Die Geschichte der Entwicklungsarbeit ist Teil einer verflochtenen und gemeinsamen Globalgeschichte, die nicht in Gebende und Nehmende, Subjekte und Objekte von Transfers aufgeteilt werden kann. Das Forschungsprojekt richtet den Blick auf Kontakte, Begegnungsräume und Transfers zwischen Entwicklungspersonal der drei „Welten“ in der „Ära der Entwicklung“. Es konzentriert sich auf Handlungen von Akteuren nicht nur der „Geberseite“, sondern insbesondere auch jener der „Empfängerseite und will so zwei Forschungslücken der Literatur an schließen: die Geschichte der deutschen Experten und Expertinnen „vor Ort“ sowie  die Interaktionen mit den einheimischen Counterparts.

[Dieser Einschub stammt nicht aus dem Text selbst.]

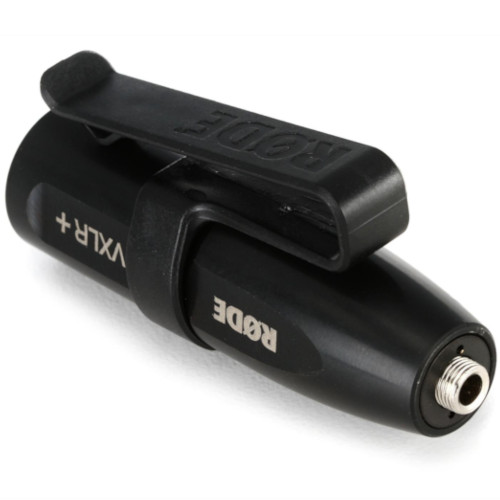 Rode VXLR+ 3.5mm TRS Female to XLR Male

Tansania, BRD, DDR – Komplementäre Entwicklungsmodelle?

Ausgangspunkt sind die Entwicklungsbemühungen Tansanias in der Epoche des „Ujamaa“-Sozialismus. Dieses Modell des Afrikanischen Sozialismus galt in westlichen Ländern zeitweilig als beispielhafter Versuch einer selbstverantwortlichen Entwicklung, es unterschied sich auch beträchtlich von den staatssozialistischen Systemen der sowjetischen Welt. Ein Kernziel der tansanischen Entwicklungspolitik war das Erreichen der personellen Unabhängigkeit, d.h. das Ersetzen der Fachkräfte aus Übersee durch Tansanierinnen und Tansanier. Zu diesem Zweck wurden junge Menschen u.a. in die BRD und die DDR geschickt, um als kompetente, die Entwicklung ihres Landes vorantreibende Kräfte zurückzukehren. Gleichzeitig waren Akteure beider deutscher Staaten beteiligt am Aufbau von Bildungsinstitutionen, der Umsetzung von Planungen und Entwicklungsprojekten sowie dort, wo es an qualifizierten Fachkräften mangelte.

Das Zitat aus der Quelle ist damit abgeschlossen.